In your reply, repeat every entry exactly and skip over each picture.

(ENTRIES SHOWN)

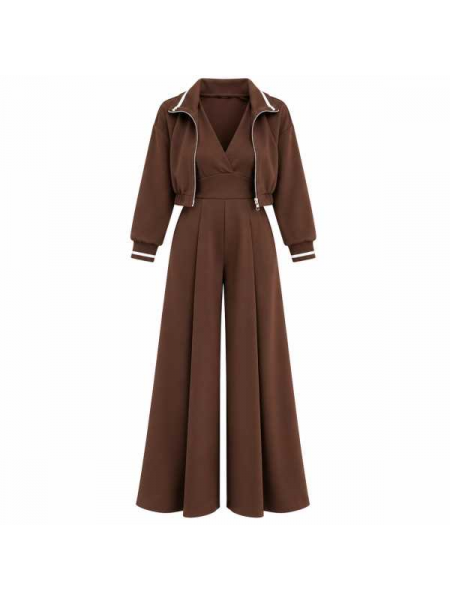 Completo Donna 2 Pezzi Con Jumpsuit Palazzo E Giacchino Corto Co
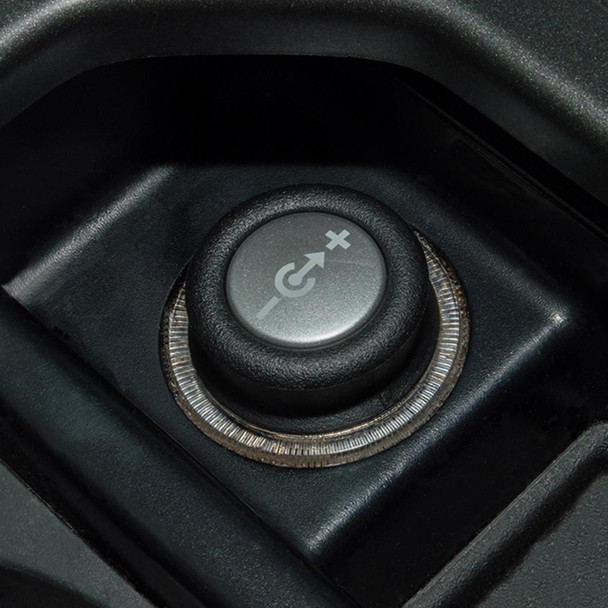 Product OEM Parts Blanking Plug for Discovery 4 & Freelander 2 & Range Rover Evoque, close-up of a black blanking plug on a vehicle dashboard with symbols indicating usage.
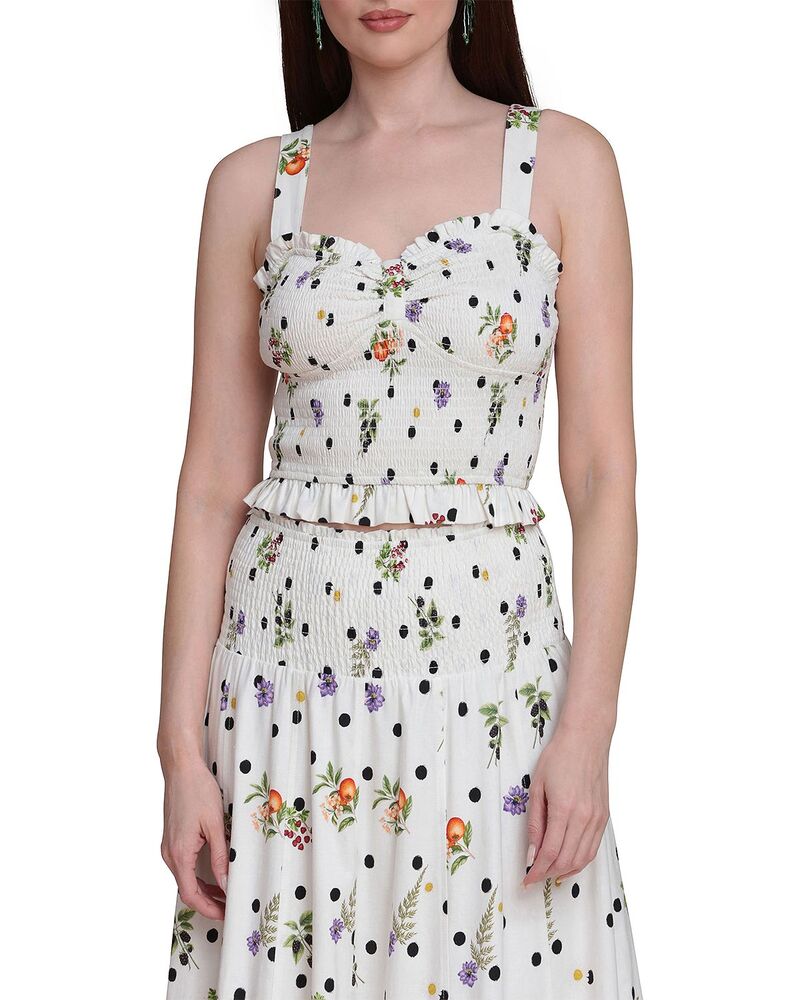 アヴェックレフィーユ レディース トップス タンクトップ フリル シャーリング Avec Les Fillesmocked Ruffle Tank Cream Scattered Botanical クリーム｜ReVida 店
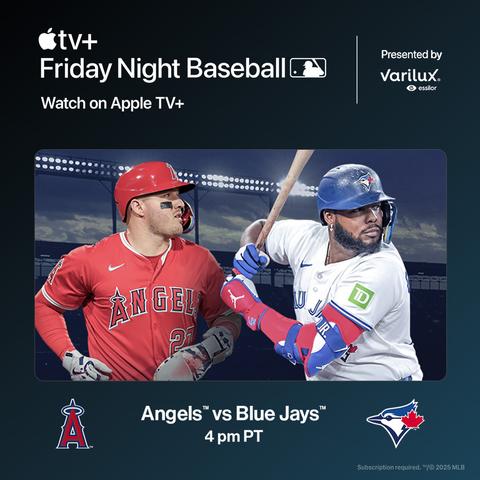 Apple TV+ Friday Night Baseball. Angels vs Blue Jays at 4pm PT. Watch on Apple TV+. Subscription required.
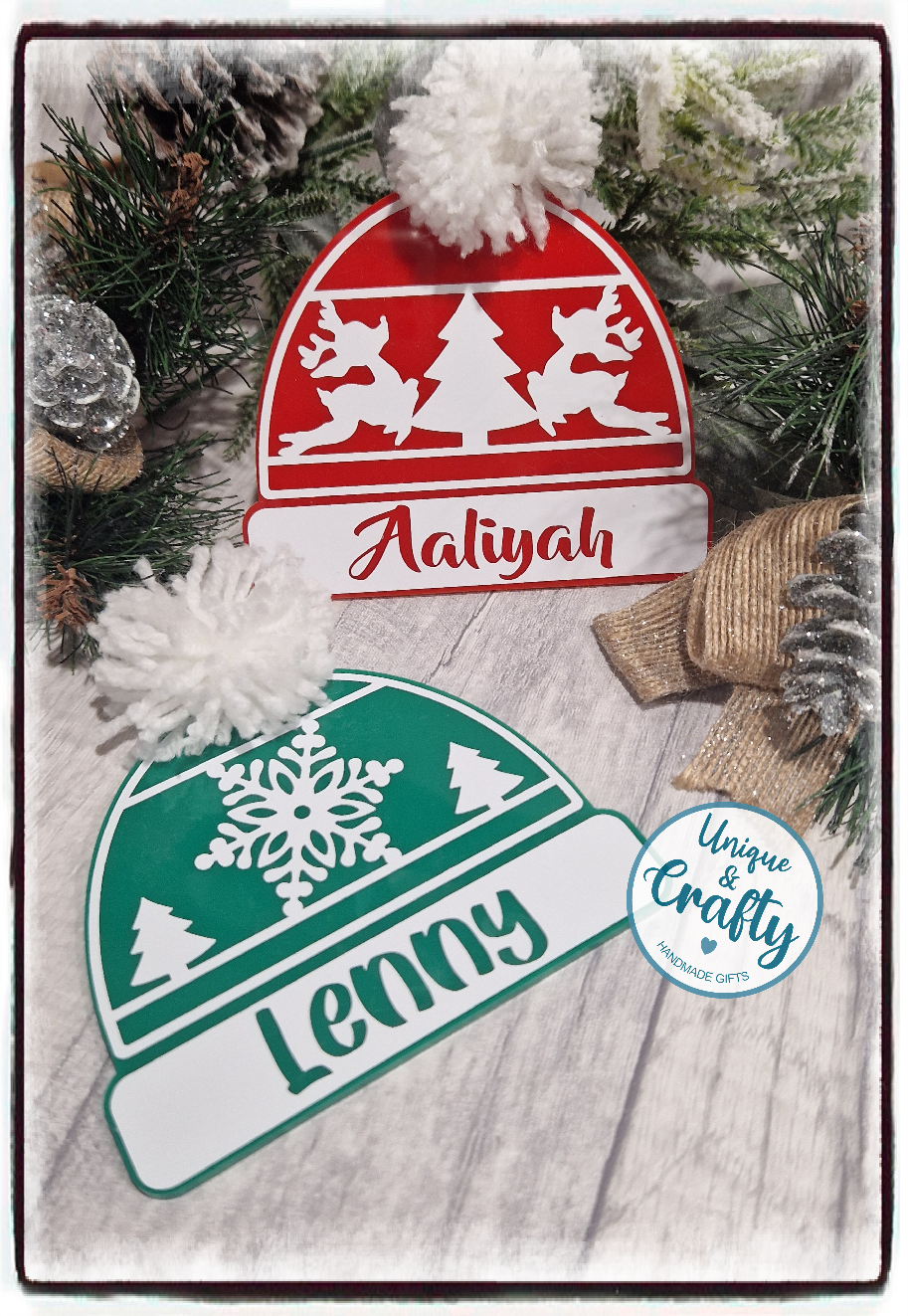 Christmas Bobble Beanie Hat plaque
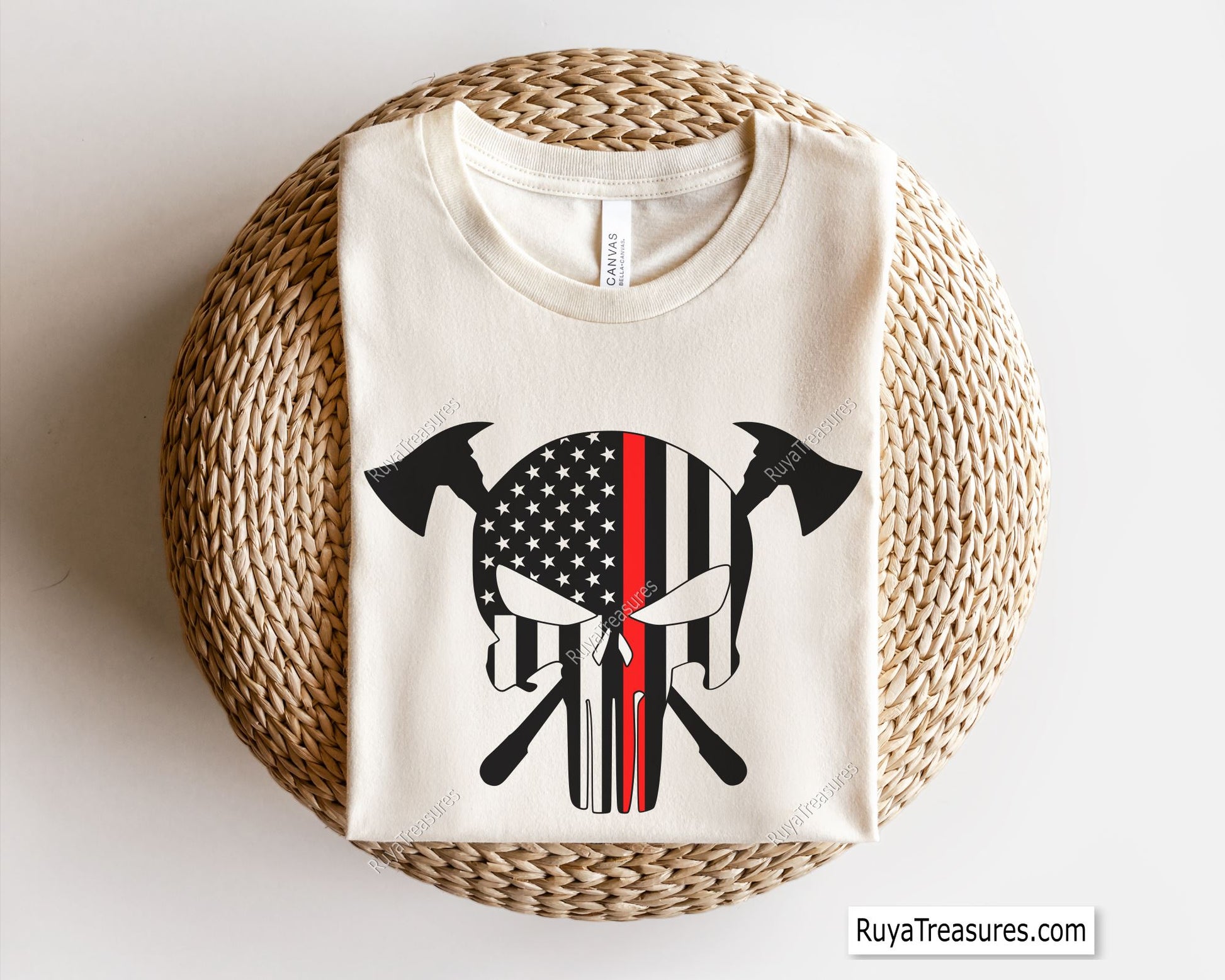 firefighter skull usa flag thin red line with crossed axes design for shirts decals and gifts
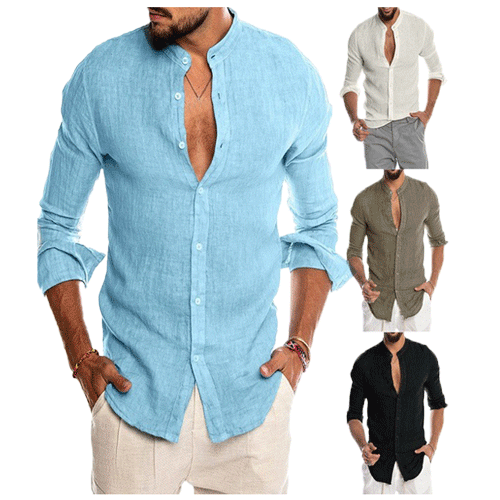 V-neck linen cardigan shirt-D191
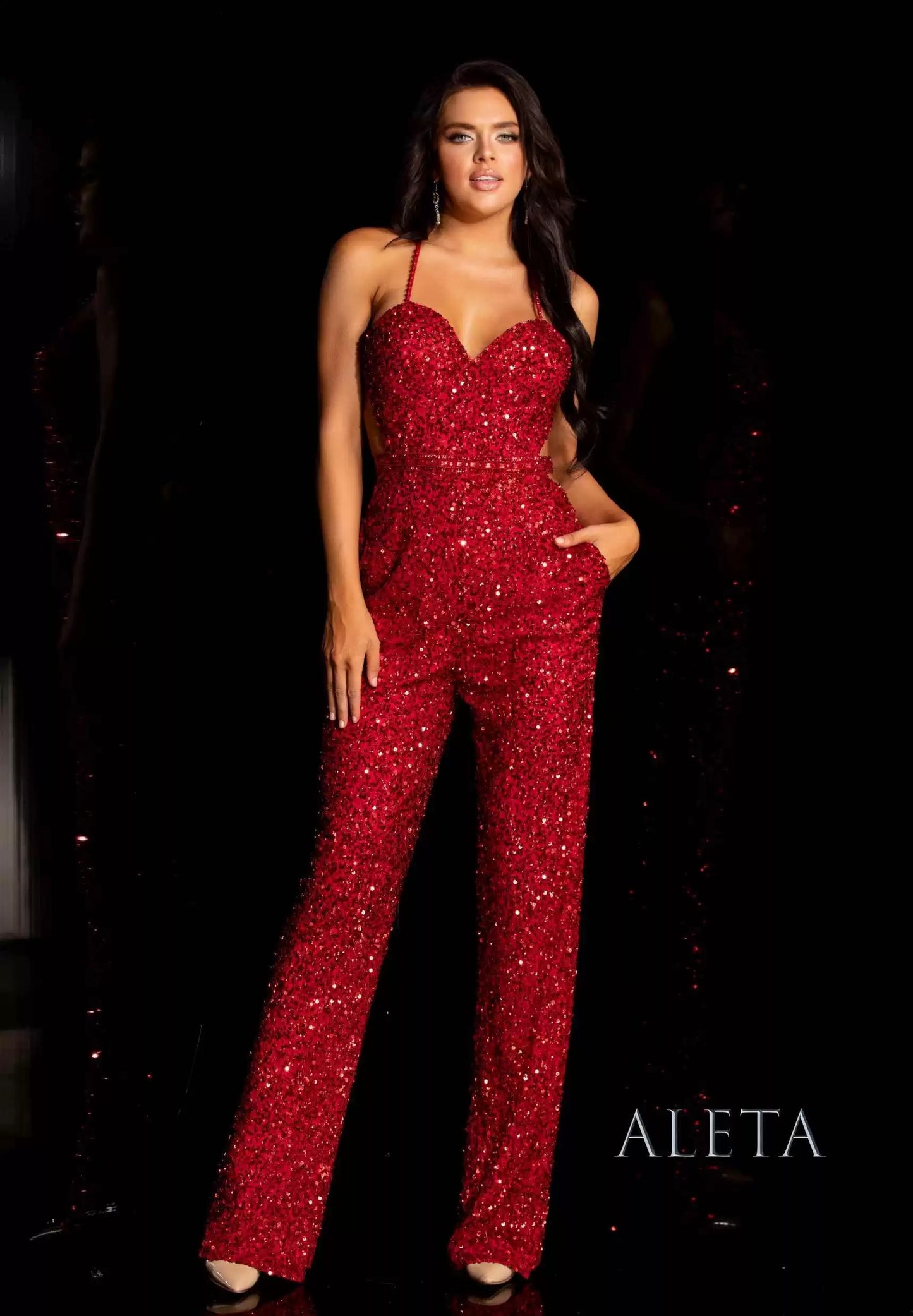 Jumpsuit Sequins Long Open Back Evening Jumpsuit Red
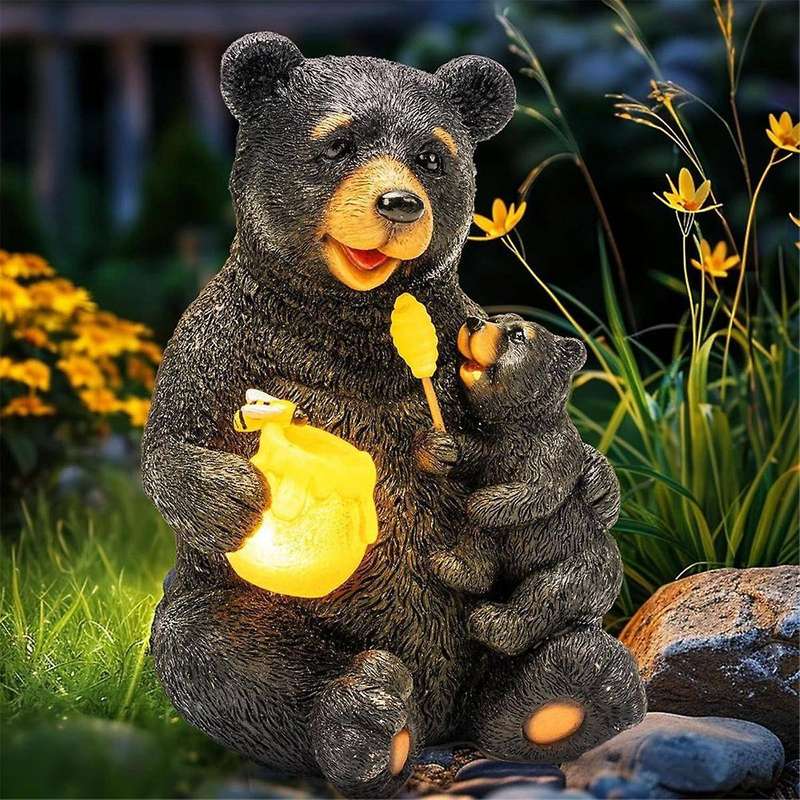 Solar Garden Statues Loving Bear Figurine Lights for Outdoor, Yard, Patio,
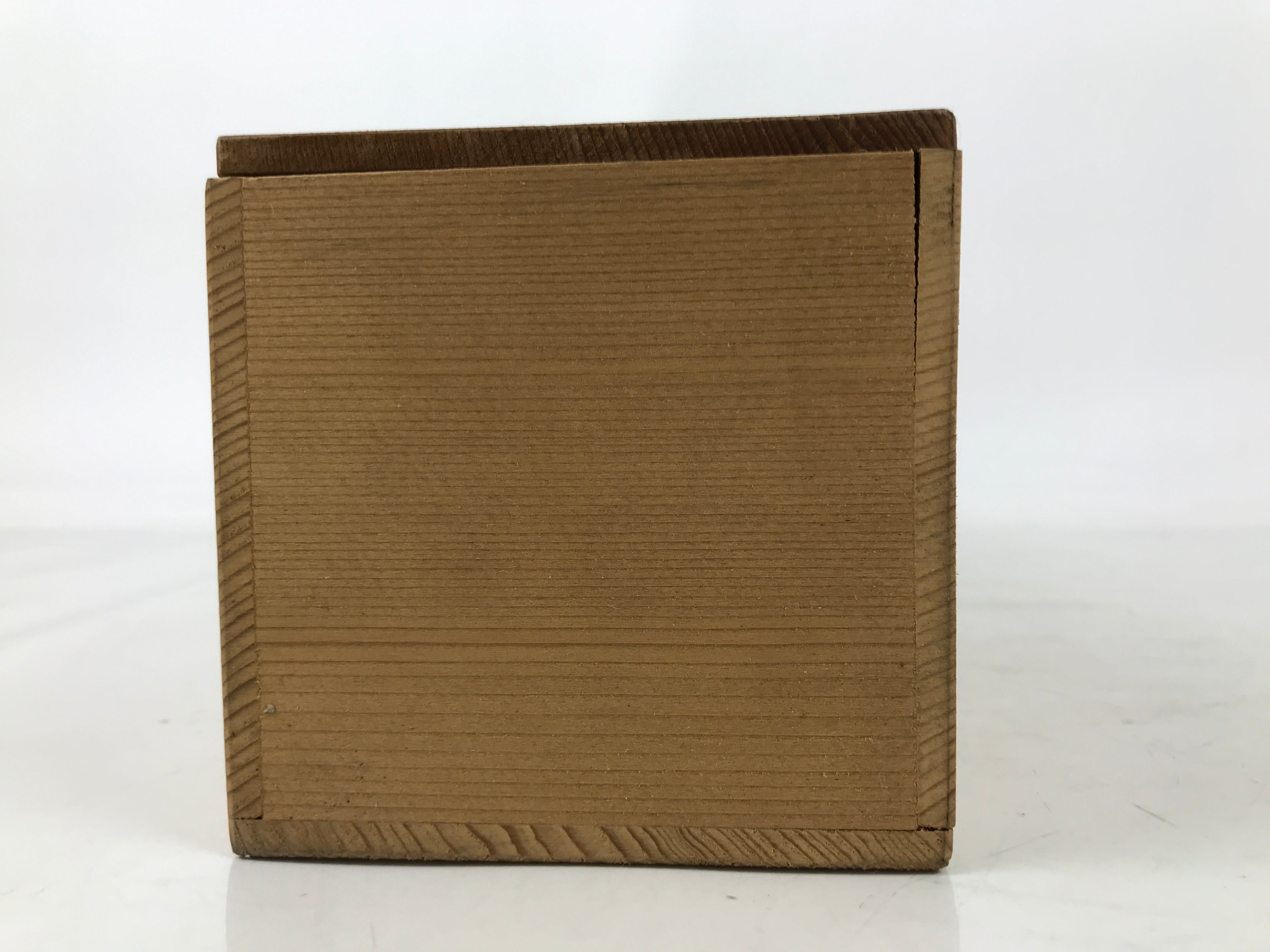 Japanese Wooden Lidded Pottery Storage Box Inside 45x10x10cm Brown X217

(End ENTRIES SHOWN)

ANSWER AREA ::
 Completo Donna 2 Pezzi Con Jumpsuit Palazzo E Giacchino Corto Co
 Product OEM Parts Blanking Plug for Discovery 4 & Freelander 2 & Range Rover Evoque, close-up of a black blanking plug on a vehicle dashboard with symbols indicating usage.
 アヴェックレフィーユ レディース トップス タンクトップ フリル シャーリング Avec Les Fillesmocked Ruffle Tank Cream Scattered Botanical クリーム｜ReVida 店
 Apple TV+ Friday Night Baseball. Angels vs Blue Jays at 4pm PT. Watch on Apple TV+. Subscription required.
 Christmas Bobble Beanie Hat plaque
 firefighter skull usa flag thin red line with crossed axes design for shirts decals and gifts
 V-neck linen cardigan shirt-D191
 Jumpsuit Sequins Long Open Back Evening Jumpsuit Red
 Solar Garden Statues Loving Bear Figurine Lights for Outdoor, Yard, Patio,
 Japanese Wooden Lidded Pottery Storage Box Inside 45x10x10cm Brown X217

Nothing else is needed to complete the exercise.